--- About this task ---
Write out, with no changes, every line starting at the one that contains "Graciela Trujillo Hernandez, University" and ending at the last line of the data below. Leave pictures out.

--- Material provided ---
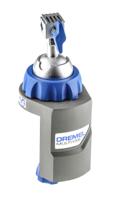 26152500ja Dremel Bench Vice 65mm, 1.6kg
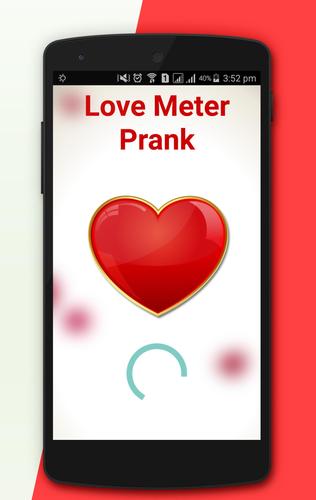 Love Meter Prank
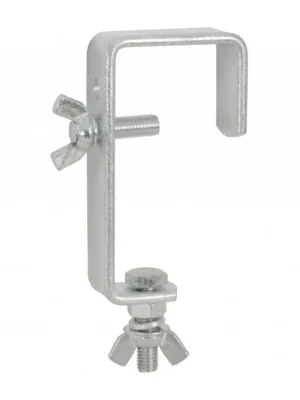 Hák montážní, stříbrný, 25 kg Akční Nabídka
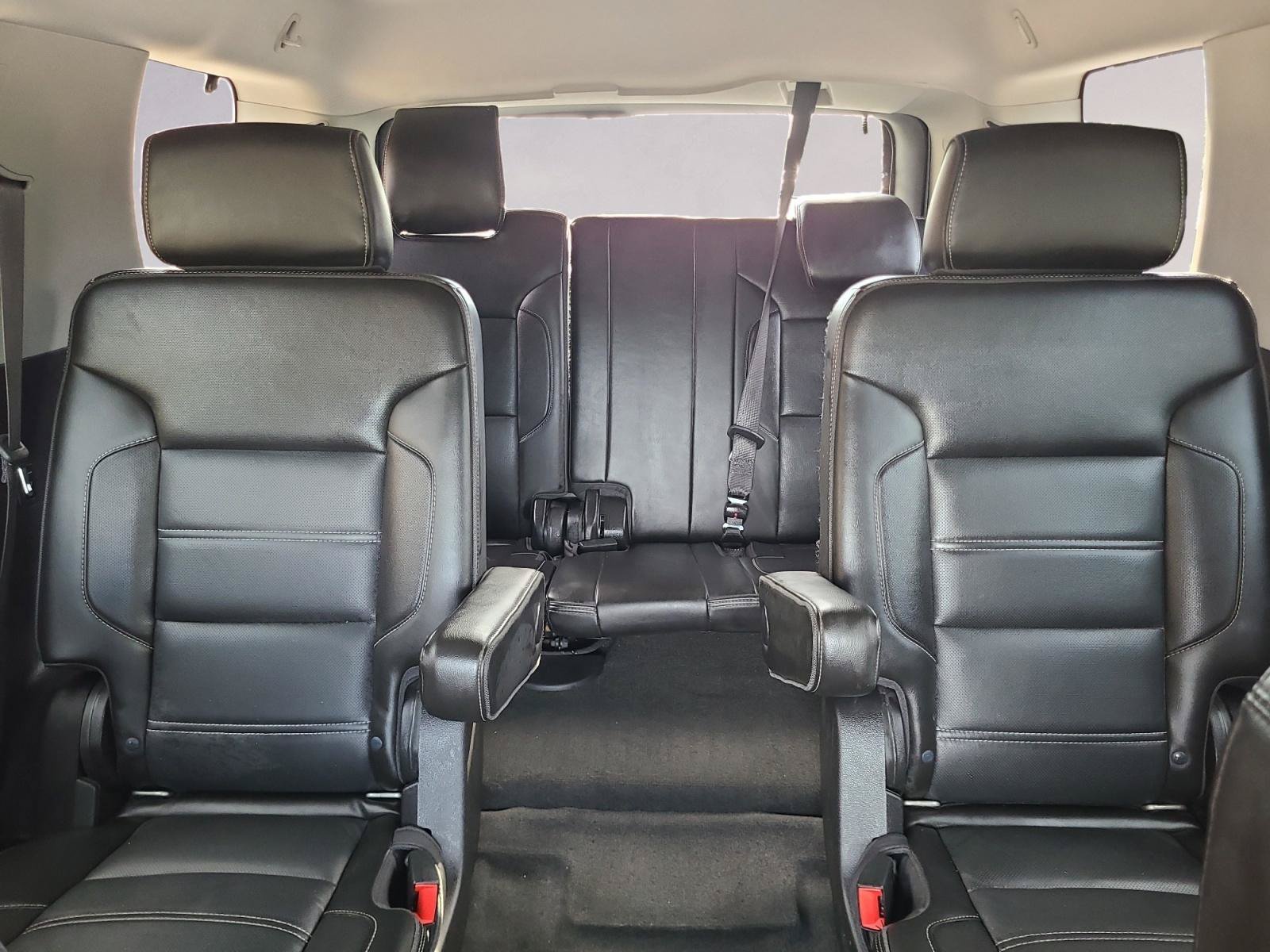 Used 2018 GMC Yukon Denali w/ Denali Ultimate Package RWD image 19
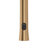 Moen Ronan Pulldown Kitchen Faucet With Swivelcontrol Wand And Power Clean Technology-122475598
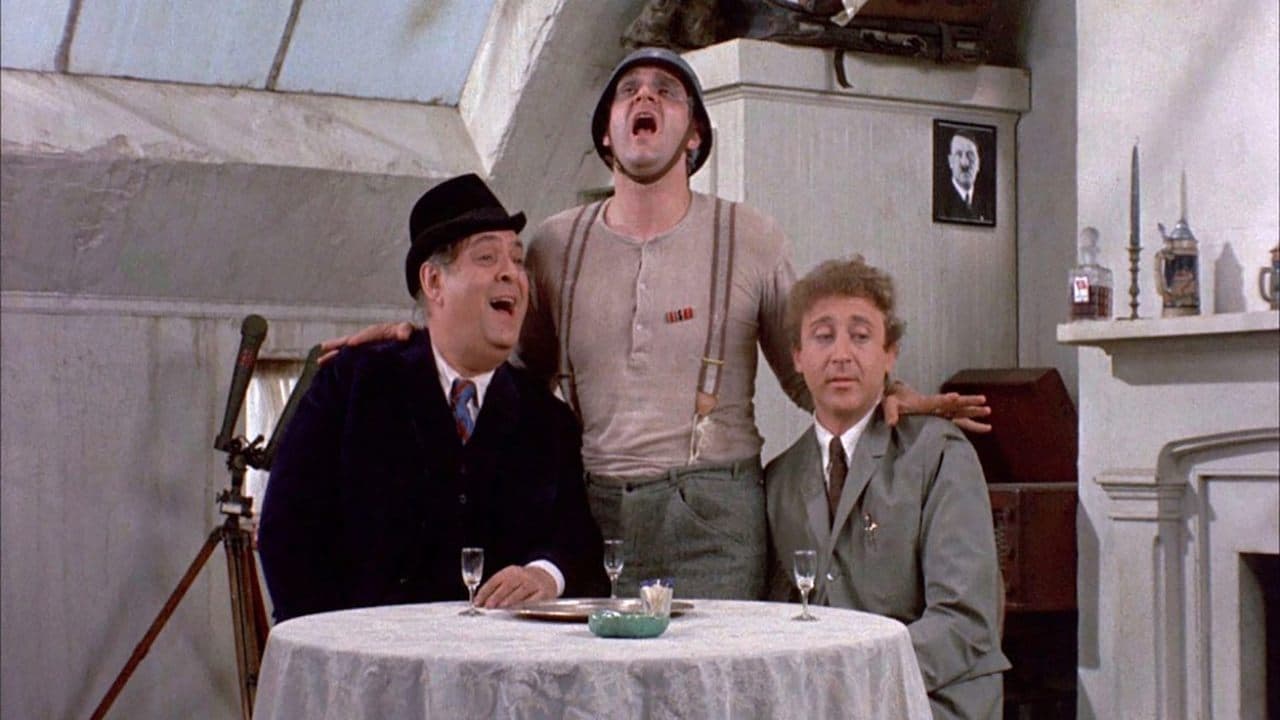 The Producers still 7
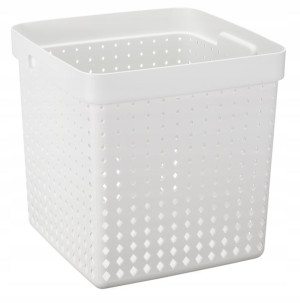 Kosz Koszyk Pudełko Pojemnik Organizer Wkład Box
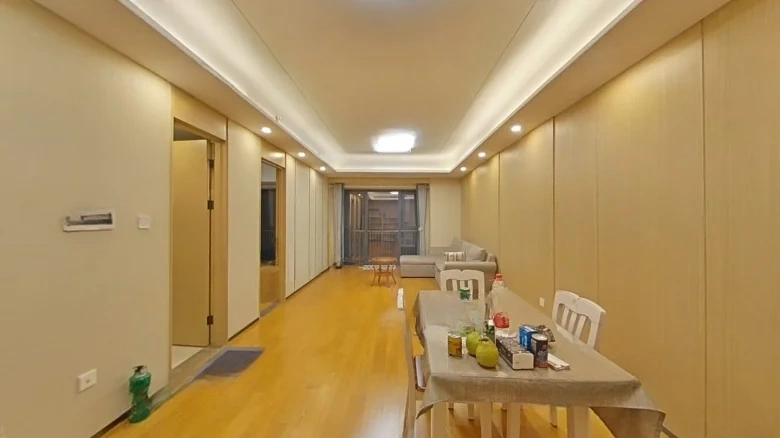 Crown Center Yuefu - View 4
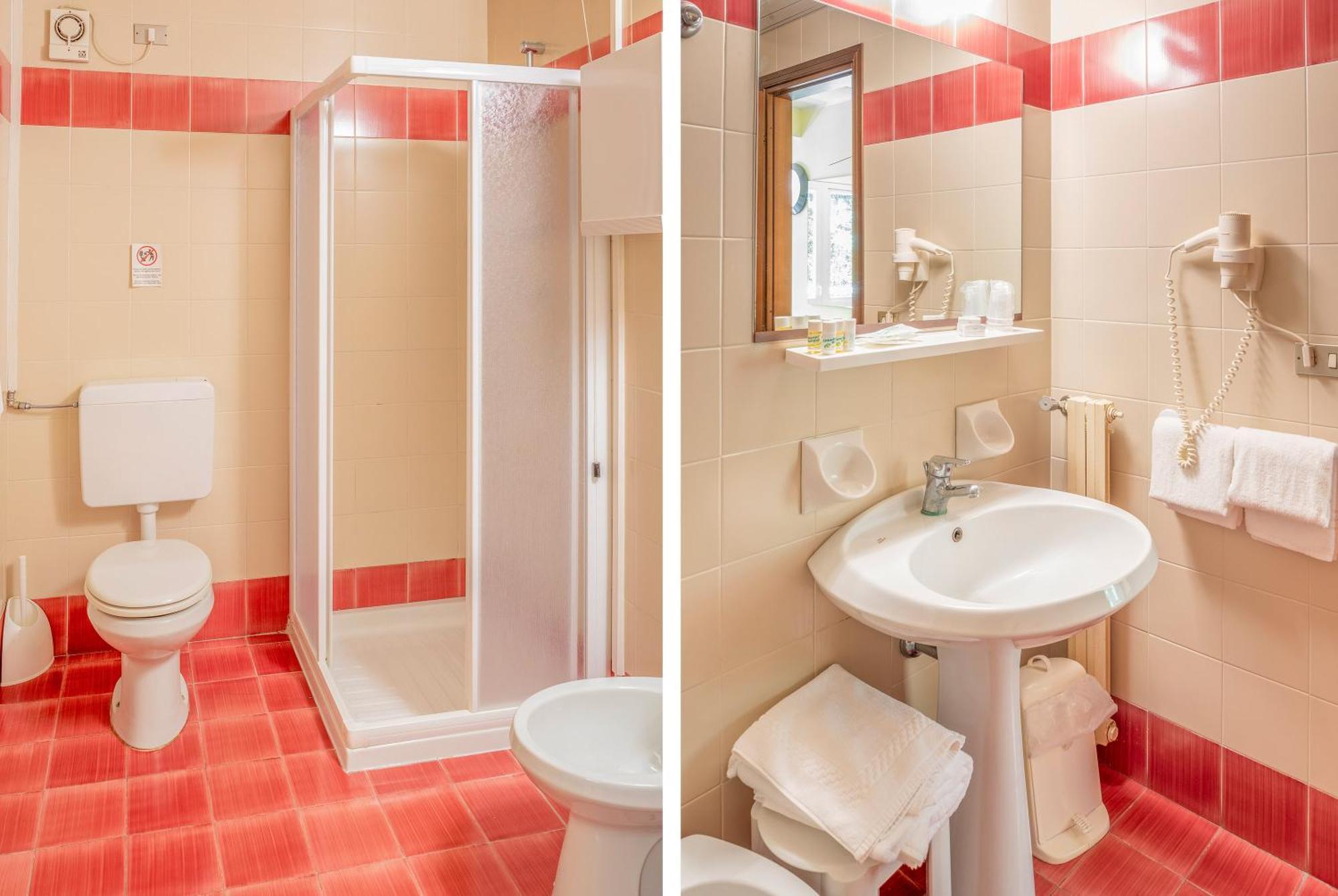 Double or Twin Room Annex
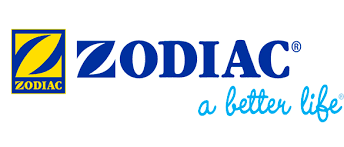 marque pièces détachées piscine Zodiac logo
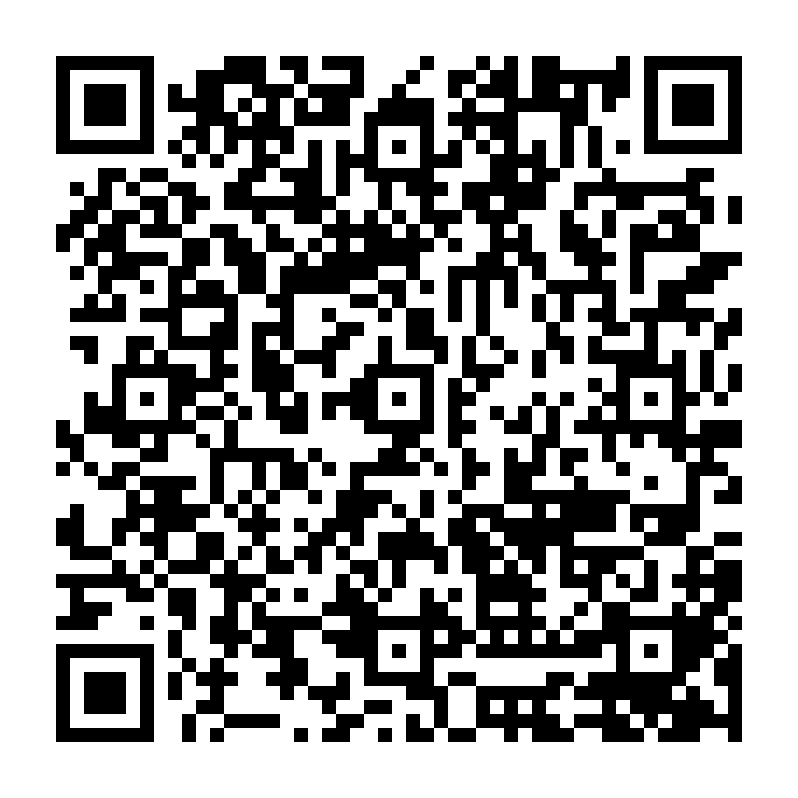 QR 코드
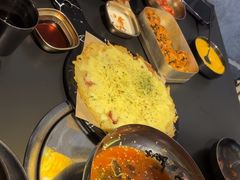 -HOTISLAND海鸡岛·韩国料理(江南西店)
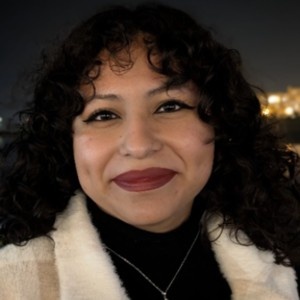 Graciela Trujillo Hernandez, University of Rochester, USA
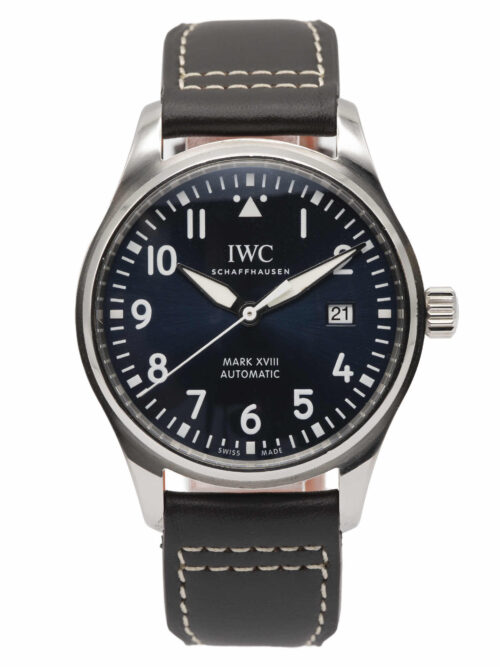 IWC PILOT MARK  2014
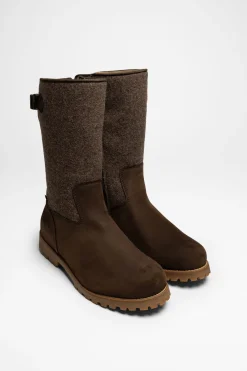 Meindl Innsbruck II GTX Herren (Braun) Outlet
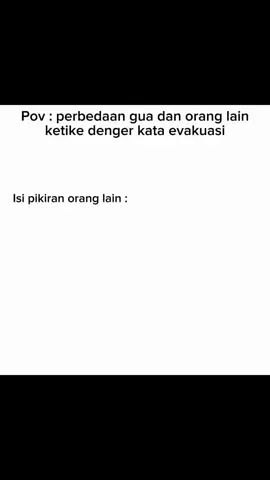 “Sekarang ku pergi anggap aku mati”🫵🏻#hindia #evakuasi #foryou #fyp #storymusik #music 
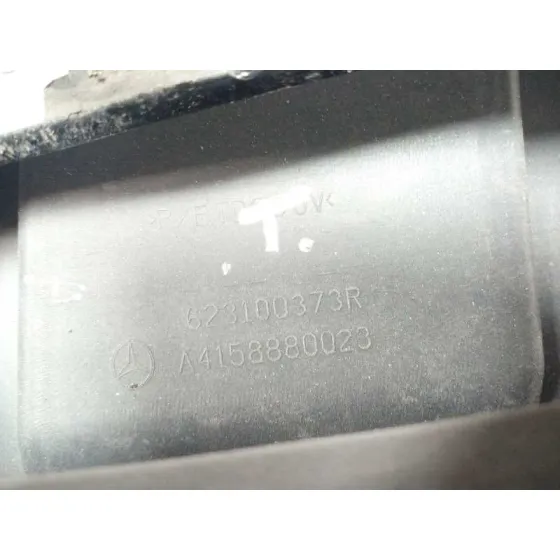 Rejilla Delantera para Mercedes-Benz Citan (W415) Combi
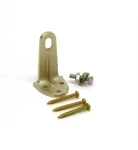 Toto, TL510ER, Pedestal Floor Bracket. Fixed Price $23.40.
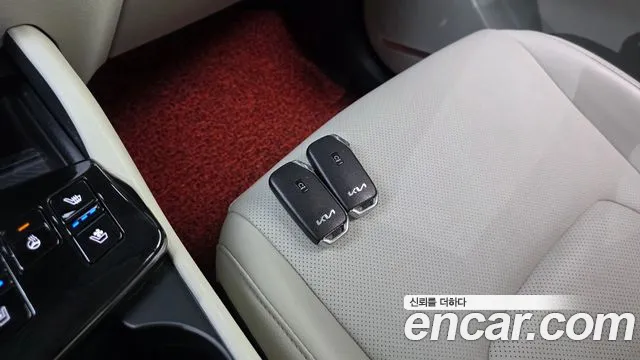 Kia Sportage — Фото автомобиля 17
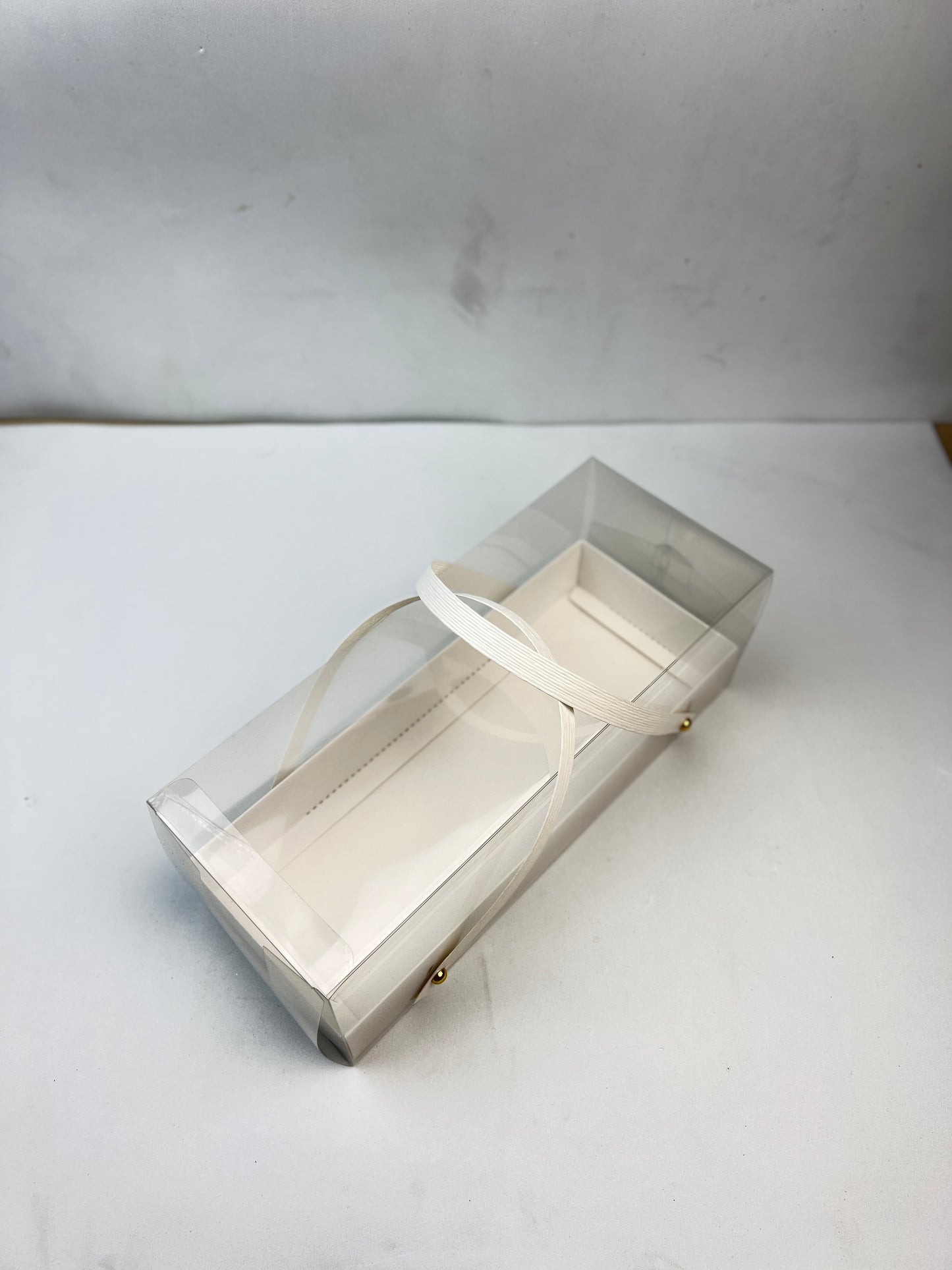 Gift Box with Handle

--- The completed task ---
 Graciela Trujillo Hernandez, University of Rochester, USA
 IWC PILOT MARK  2014
 Meindl Innsbruck II GTX Herren (Braun) Outlet
 “Sekarang ku pergi anggap aku mati”🫵🏻#hindia #evakuasi #foryou #fyp #storymusik #music 
 Rejilla Delantera para Mercedes-Benz Citan (W415) Combi
 Toto, TL510ER, Pedestal Floor Bracket. Fixed Price $23.40.
 Kia Sportage — Фото автомобиля 17
 Gift Box with Handle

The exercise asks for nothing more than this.